Ekleme Tarihi: 05 Eylül 2025 -Cuma
Reiki MASTER  TEACHER Fatma Can

Para ile Kurduğumuz İlişki: Alma-Verme Dengesi ve "Param Yok" Zihniyeti

Hayatımızda sık sık, derinlerdeki duygusal boşlukları para ile doldurmaya çalışırız. Sevgiyi göstermenin, değer vermenin yolu olarak görürüz parayı. Çocuğumuza ayıracak vaktimiz yoksa, ona pahalı bir oyuncak alırız. Eşimize derdimizi anlatacak sabrımız yoksa, bir takı ya da çiçekle susturacağımızı sanırız. “Aşkın ekmeği, aşkın tuzuyla yenmez” olunca, yerini pahalı restoranlara bırakır. Oysa bu, ilişkilere zarar veren büyük bir yanılsamadır.
 
Fakat işin bir de tam tersi yüzü var: Bir de bunu “yokluk” üzerinden yapanlar var. Sürekli “param yok”, “yapamıyorum”, “alamam” diye yakınarak, etrafındakileri bir şeyler vermeye, acımaya ve yardım etmeye zorlayanlar... Bu, göründüğü gibi masum bir durum bildirimi değil, aslında bir “dilenci zihniyetidir”. Dilenci değillerdir belki ama “yokluk bilinci” ile hareket eder, mağduriyetlerini bir kalkan, bir geçim aracı haline getirirler.
 
"Param Yok" Demenin Ardındaki Saklı Zihinler:
 
· Çocuk Bilinci: Tıpkı bir çocuk gibi sürekli alma eğilimindedir. “Veren eli” değil, “alan eli” olmayı bilir. Kendi ayaklarının üzerinde durmak yerine, hep bir “anne-baba” arar etrafında. “Düşersem tutacak bir el arar” daima.

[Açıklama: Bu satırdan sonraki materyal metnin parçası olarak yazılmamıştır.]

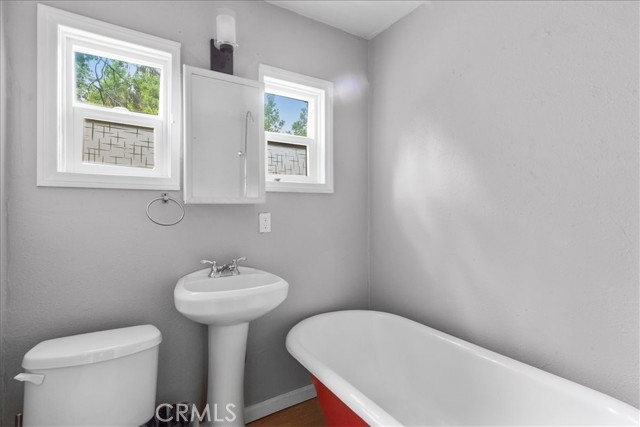 619 Rose, Twin Peaks CA: https://media.crmls.org/medias/a89a639b-835f-4843-b3af-7b2ec9158689.jpg
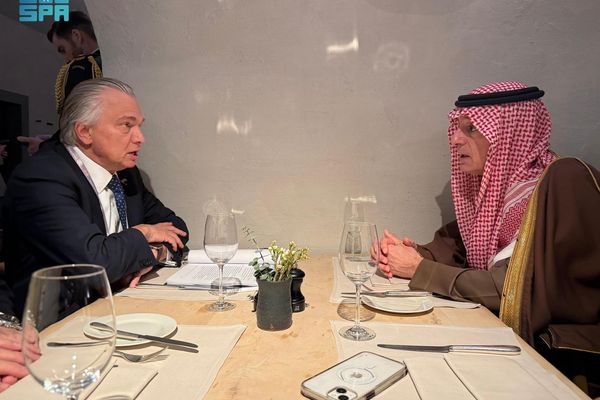 وزير الدولة للشؤون الخارجية يلتقي وزير خارجية كوستاريكا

· Kurban Bilinci: Hayatın ve insanların kendisine hep zulmettiğini düşünür. “Neden hep ben?” der durur. Bu mağduriyet, onun için ilgi ve şefkat toplamanın en etkili yoludur. “Kurtarıcı” bekler.
· Tembel Ruh Hali: Üretmek, emek vermek, mücadele etmek yerine, hazıra konmanın, başkasının sırtından geçinmenin rahatlığını seçer. “Ayağını yorganına göre uzatmak” yerine, yorganı başkalarından istemeyi tercih eder.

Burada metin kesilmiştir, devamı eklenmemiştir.